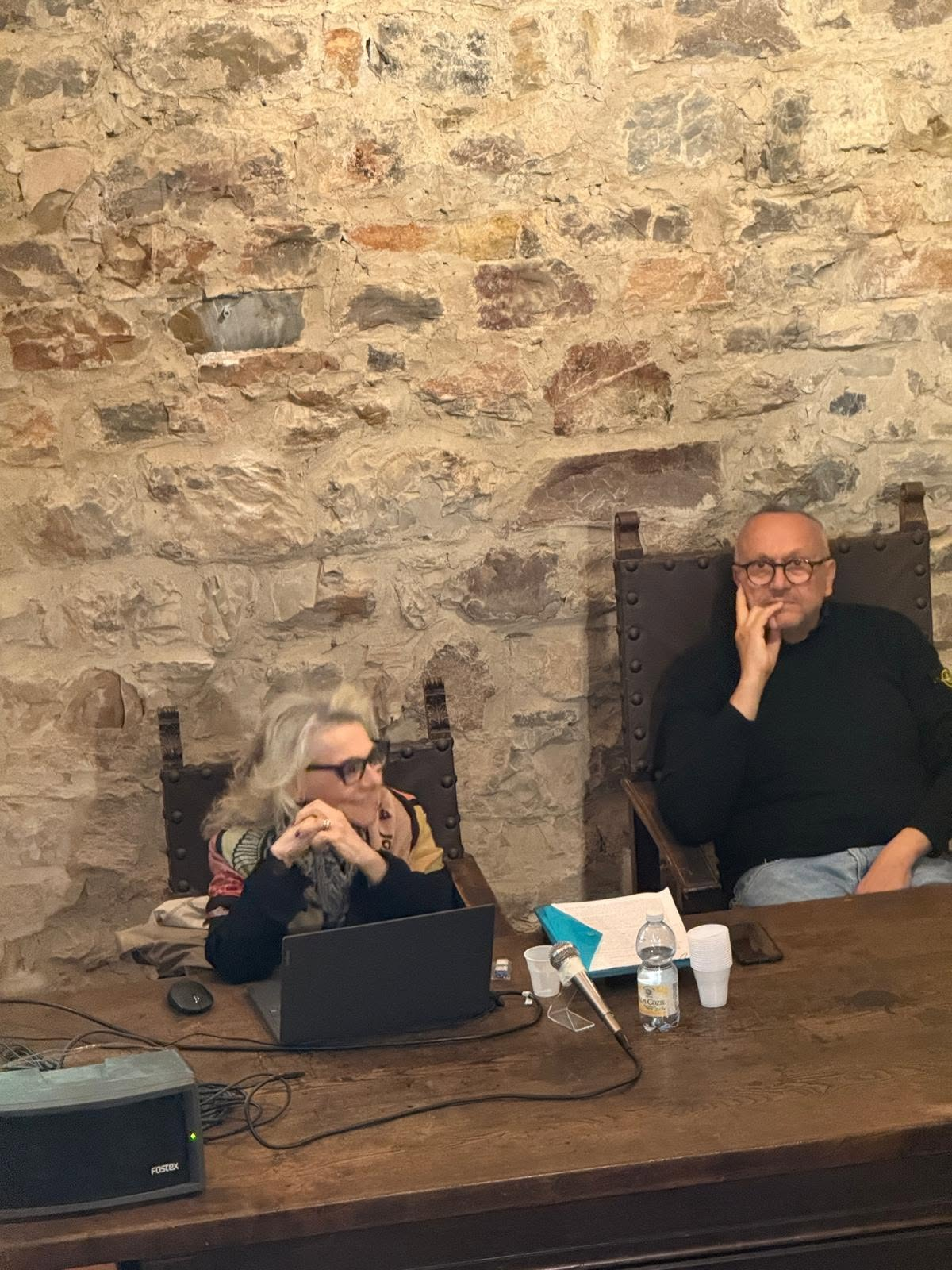 La prof.ssa Lea Cimino al tavolo dei relatori durante la conferenza nella Sala del Capitano.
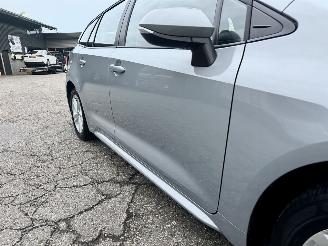 Toyota Corolla Gereserveerd Touring sports 1.8 Hybrid 148pk automaat Business - nap - vaste prijs - camera - line + front assist - afn trekh - clima + cruise contr - keyless start picture 76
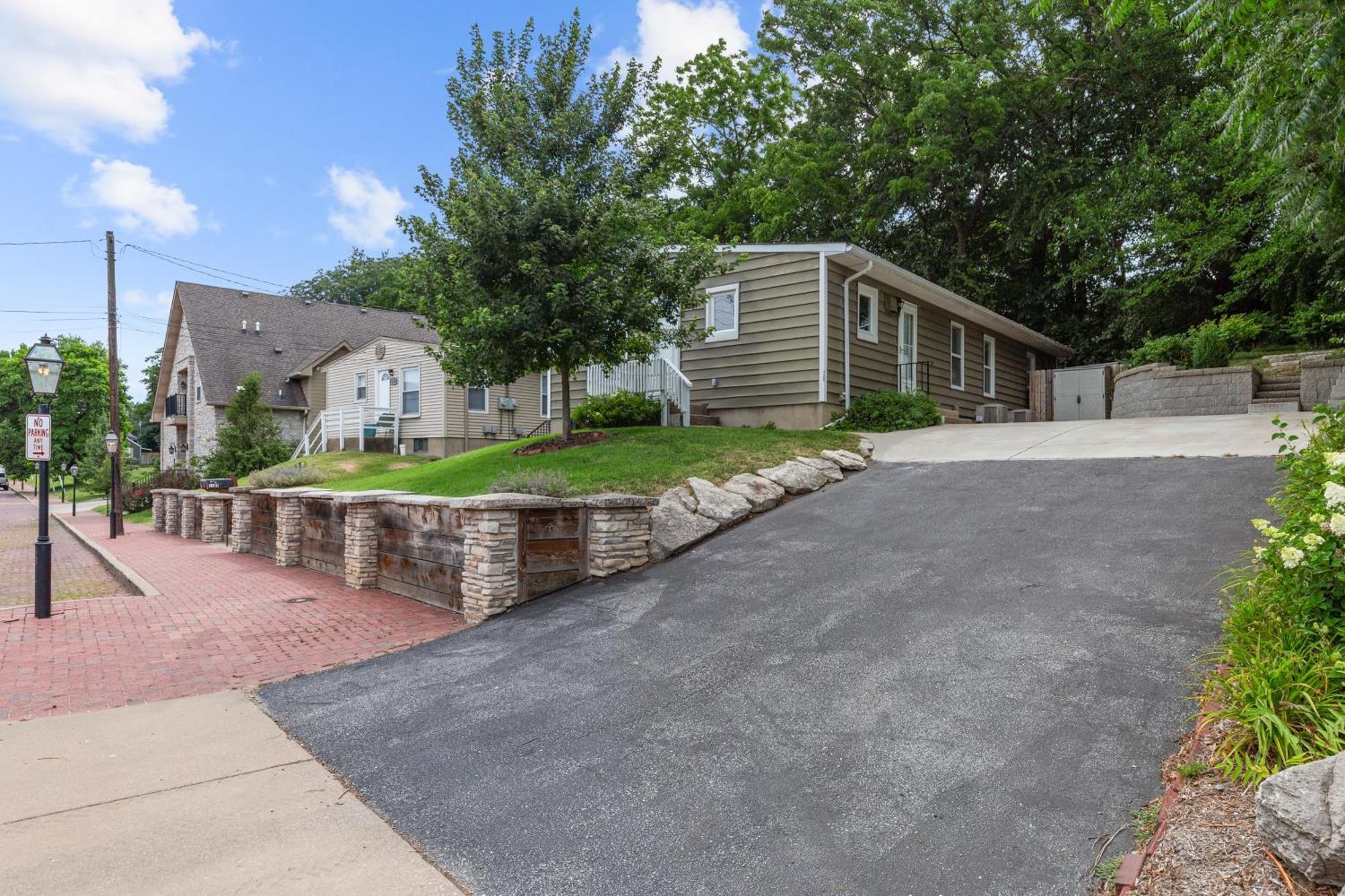 Charming Duplex On Main Apartment Saint Charles Exterior photo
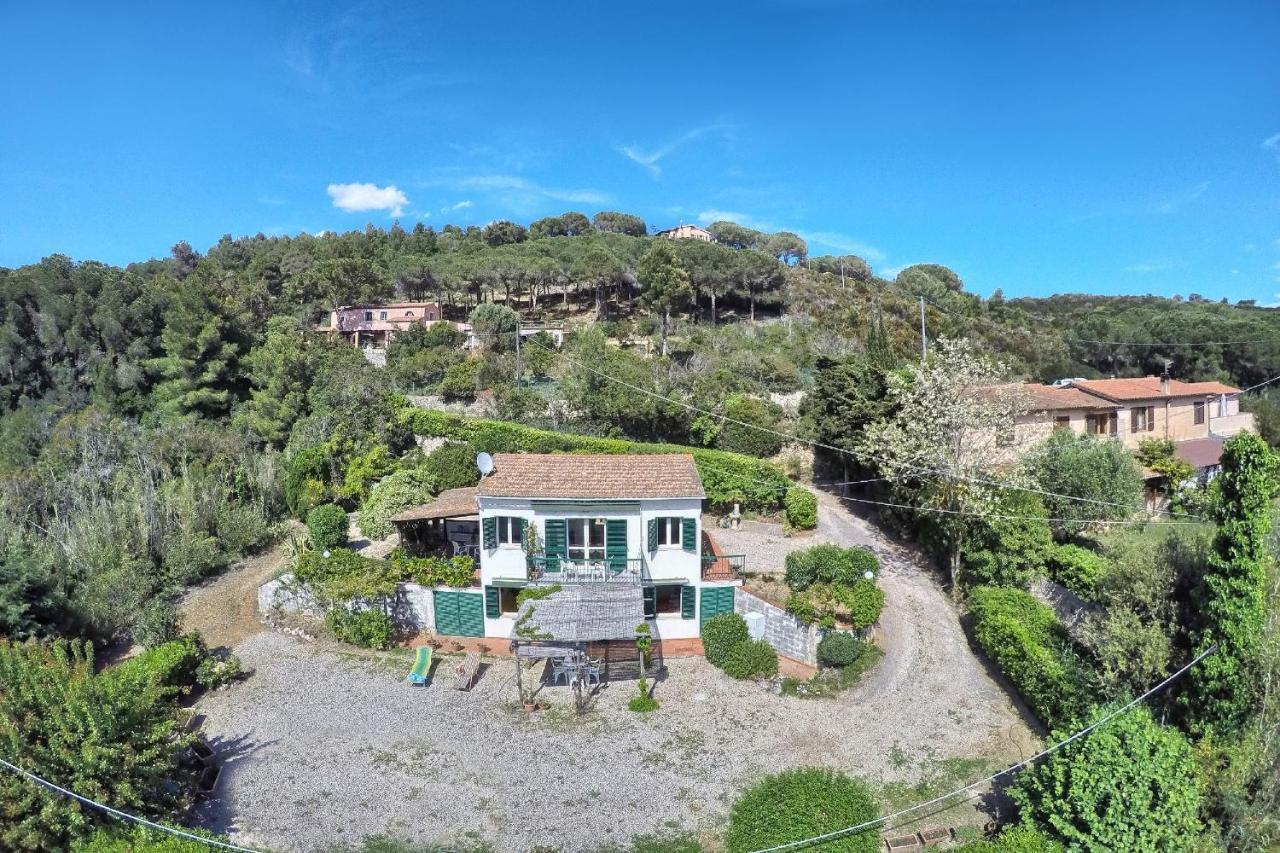 Il Giardino Nel Sole Bilo Apartment Capoliveri  Bagian luar foto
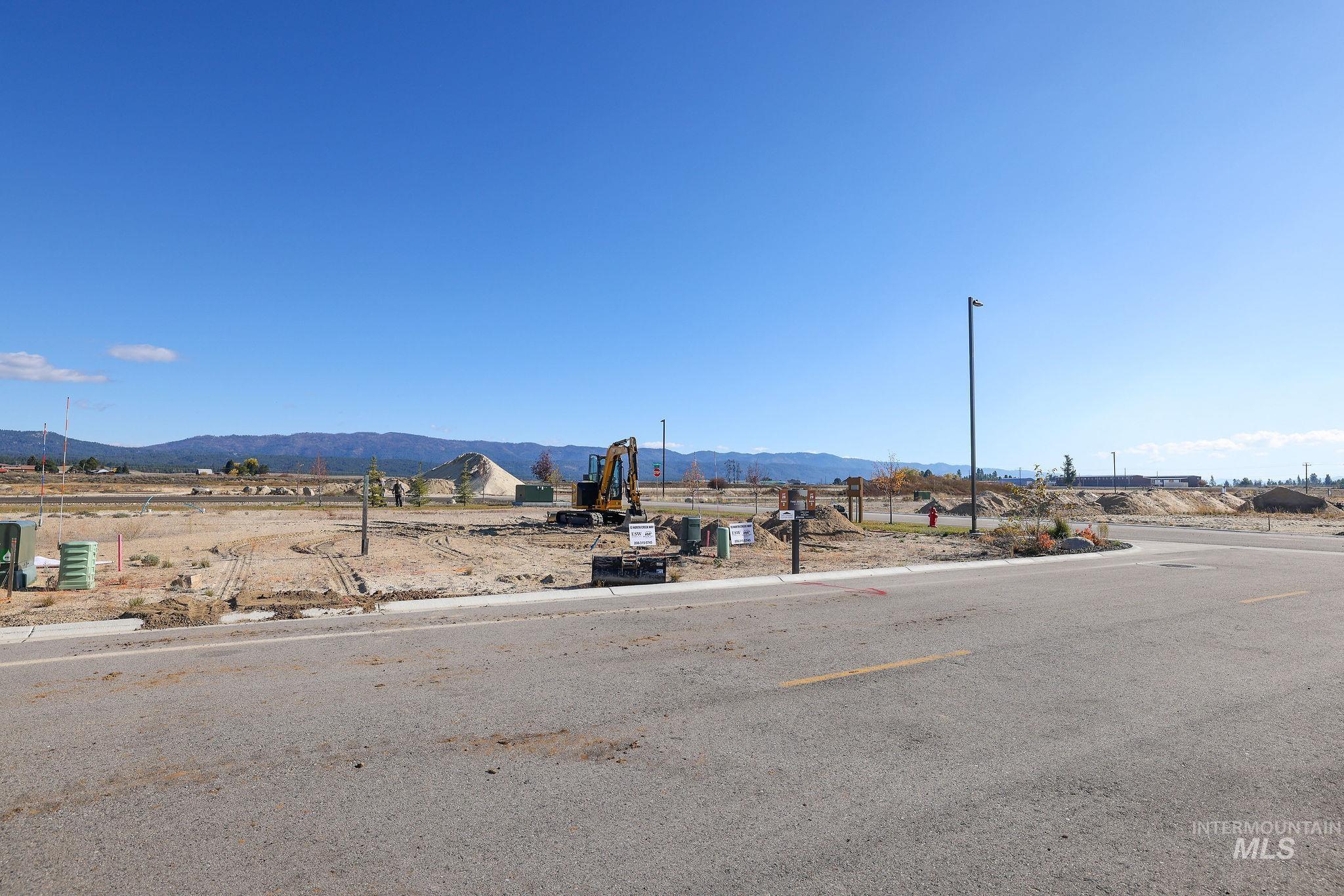 12 North Creek Way, Cascade, Idaho 83611, 3 Bedrooms, 3 Bathrooms, Residential For Sale, Price $549,000,MLS 98966823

* [Your objective]
Which lines run from the one holding "Charming Duplex On" through the end of the records? Reproduce them word for word, both ends included, with no pictures.

* [Response box]
 Charming Duplex On Main Apartment Saint Charles Exterior photo
 Il Giardino Nel Sole Bilo Apartment Capoliveri  Bagian luar foto
 12 North Creek Way, Cascade, Idaho 83611, 3 Bedrooms, 3 Bathrooms, Residential For Sale, Price $549,000,MLS 98966823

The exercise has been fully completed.